Connect to the benchmark’s client and run the benchmark with a custom workload.

  1. Connect with SSH to the benchmark client, with its IP address retrieved from the client_ssh_host output of Terraform.

    ssh -i ~/.ssh/redpanda_aws ubuntu@$(terraform output --raw client_ssh_host)
  2. On the client, navigate to the /opt/benchmark directory.

    cd /opt/benchmark
  3. Create a workload configuration file. For example, create a .yaml file with one topic, 144 partitions, 500 MBps producer rate, four producers, and four consumers:

    cat > workloads/1-topic-144-partitions-500mb-4p-4c.yaml << EOF
    name: 500mb/sec rate; 4 producers 4 consumers; 1 topic with 144 partitions
    
    topics: 1
    partitionsPerTopic: 144
    
    messageSize: 1024
    useRandomizedPayloads: true
    randomBytesRatio: 0.5
    randomizedPayloadPoolSize: 1000
    
    subscriptionsPerTopic: 1
    consumerPerSubscription: 4
    producersPerTopic: 4
    
    producerRate: 500000
    
    consumerBacklogSizeGB: 0
    testDurationMinutes: 30
    EOF

    Alternatively, you can use an existing workload file from the Redpanda repo, in openmessaging-benchmark/driver-redpanda/deploy/workloads/.

    Workloads from Redpanda vs. Kafka comparison

    The workloads from the Redpanda vs. Kafka benchmark comparison can be gotten from the chart in the comparison:

    kafka vs redpanda performance 8
  4. Create or reuse a client configuration file. This file configures the Redpanda producer and consumer clients, as well as topics.

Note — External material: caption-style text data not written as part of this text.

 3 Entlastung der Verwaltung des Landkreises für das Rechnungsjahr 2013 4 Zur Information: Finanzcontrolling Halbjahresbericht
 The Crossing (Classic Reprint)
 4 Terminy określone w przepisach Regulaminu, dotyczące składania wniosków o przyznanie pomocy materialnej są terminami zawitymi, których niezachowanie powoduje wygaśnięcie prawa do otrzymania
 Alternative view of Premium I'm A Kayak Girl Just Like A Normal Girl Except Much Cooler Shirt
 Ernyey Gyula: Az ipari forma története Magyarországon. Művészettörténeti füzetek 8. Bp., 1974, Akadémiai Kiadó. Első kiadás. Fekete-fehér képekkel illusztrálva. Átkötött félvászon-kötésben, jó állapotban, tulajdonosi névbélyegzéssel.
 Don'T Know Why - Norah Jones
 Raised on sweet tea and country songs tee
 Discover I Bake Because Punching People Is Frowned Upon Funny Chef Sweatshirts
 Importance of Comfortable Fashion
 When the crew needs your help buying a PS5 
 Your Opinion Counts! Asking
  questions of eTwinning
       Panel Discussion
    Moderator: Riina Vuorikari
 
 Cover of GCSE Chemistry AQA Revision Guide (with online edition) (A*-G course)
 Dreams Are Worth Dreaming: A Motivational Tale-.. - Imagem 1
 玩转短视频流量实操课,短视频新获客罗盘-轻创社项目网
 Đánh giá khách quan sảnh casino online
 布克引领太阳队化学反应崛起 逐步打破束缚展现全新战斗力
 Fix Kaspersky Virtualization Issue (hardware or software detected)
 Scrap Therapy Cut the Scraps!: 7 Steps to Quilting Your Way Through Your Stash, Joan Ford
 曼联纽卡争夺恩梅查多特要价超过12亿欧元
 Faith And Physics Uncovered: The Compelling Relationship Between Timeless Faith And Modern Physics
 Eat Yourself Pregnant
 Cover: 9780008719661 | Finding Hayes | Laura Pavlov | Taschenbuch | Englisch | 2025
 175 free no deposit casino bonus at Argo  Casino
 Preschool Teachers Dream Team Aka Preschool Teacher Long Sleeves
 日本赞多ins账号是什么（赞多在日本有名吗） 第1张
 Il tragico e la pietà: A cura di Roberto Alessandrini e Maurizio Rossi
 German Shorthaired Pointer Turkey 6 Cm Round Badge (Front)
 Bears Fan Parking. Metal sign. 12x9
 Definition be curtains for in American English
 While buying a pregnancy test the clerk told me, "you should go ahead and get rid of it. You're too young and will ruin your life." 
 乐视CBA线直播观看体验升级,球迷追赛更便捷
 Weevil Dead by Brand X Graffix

    The rest of the guide uses the openmessaging-benchmark/driver-redpanda/redpanda-ack-all-group-linger-1ms.yaml configuration file.

    Client configuration from Redpanda vs. Kafka comparison

    The client configuration from the Redpanda vs. Kafka benchmark comparison can be gotten from the code listing in the comparison:

    topicConfig: |
        min.insync.replicas=2
        flush.messages=1
        flush.ms=0
    producerConfig: |
        acks=all
        linger.ms=1
        batch.size=131072
    consumerConfig: |
        auto.offset.reset=earliest
        enable.auto.commit=false
        auto.commit.interval.ms=0
        max.partition.fetch.bytes=131072
    Configure reset=false and manually delete the generated topic after the benchmark completes. Otherwise, when reset=true, the benchmark can fail due to it erroneously trying to delete the _schemas topic.
  5. Run the benchmark with your workload and client configuration.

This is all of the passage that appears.